Quoted in full for the benefit of the debian-med list who missed the 
original posting

On 29/07/2011 21:35, Adam Sjøgren wrote:
> On Fri, 29 Jul 2011 09:39:46 +0100, Peter wrote:
>> It might make things clearer if someone from Debian could explain:
> (I am not from Debian, but here is my take on it anyway:)
>> (a) why a Creative Commons licence is an issue for you
> One of the fundamental software freedoms is the freedom to change the
> software¹.
> The Debian Free Software Guidelines' definition of free software
> includes this freedom².
> So the "No Derivatives" variants of the Creative Commons licenses aren't
> free by the DFSG definition.
> (The GNU Free Documentation License on documents with invariant sections
> is considered non-free by DFSG-standards as well, even if the invariant
> sections are things that nobody would want to change.)
> When a project of volunteers packages 29000+ thousand packages, I think
> making a judgement call on whether it is okay that the license of a
> couple of files does not live up to the guidelines is neigh impossible.

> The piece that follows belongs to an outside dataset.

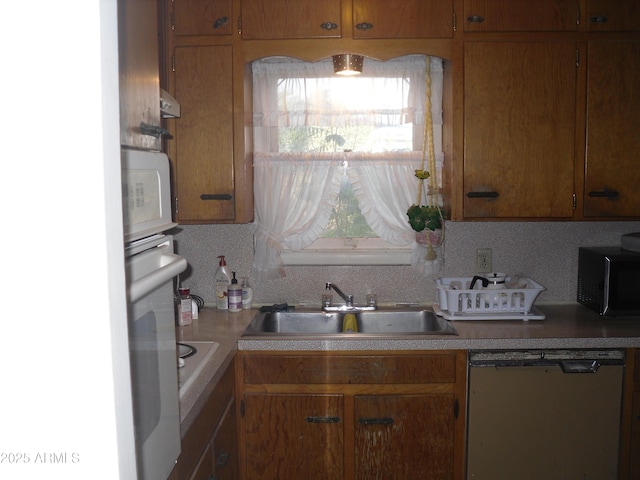 kitchen with tasteful backsplash, dishwashing machine, and sink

> The answer to "Why would you want to?" is, because you might need to.
> It is more obvious with programs and code than it is with database
> entries, granted - but I guess the equivalent problem would be that the
> licensor didn't want to fix a problem in such a database, and that
> problem made the programs using it malfunction. It would be a pain if
> you weren't allowed to fix the problem and distribute the fixed data
> yourself, say, if "upstream" didn't want to include the fix for some
> reason or another; maybe they happened to turn sour on the world/you -
> stranger things have happened.
> So, nobody is probably ever going to exercise that freedom in this
> specific case, I think, but ignoring some of the freedoms in special
> cases is infeasible for a project such as Debian.
> This is just me trying to explain how I understand it, so take it with a
> grain of salt, and swing by debian-legal³ for the experts.

A specific example might help. About 5 years ago a release of the 
UniProt database (as plain text files) broke the Wisconsin (GCG) 
sequence analysis package. They introduced extremely long lines in a 
data file that everyone assumed was only maximum 80 characters.

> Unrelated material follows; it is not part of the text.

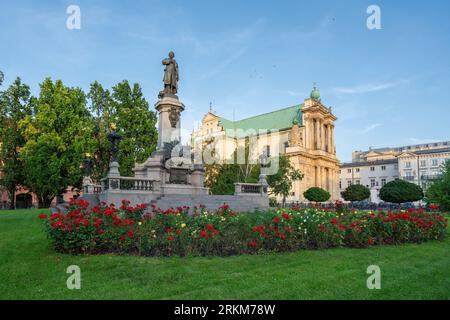 Adam Mickiewicz Monument and Carmelite Church - Warsaw, Poland Stock Photo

As GCG was closed source, the fix required a change to the UniProt files 
to either wrap or truncate the 'offending' records.

The fix was not to distribute a change to the data of course, but to 
write and distribute a simple perl script that wrapped the long records.

That was not a licensing issue - the content stays the same, the format 
is changed, no changed data is distributed. But it does illustrate that 
the database licensing does not prevent 'fixing' a database.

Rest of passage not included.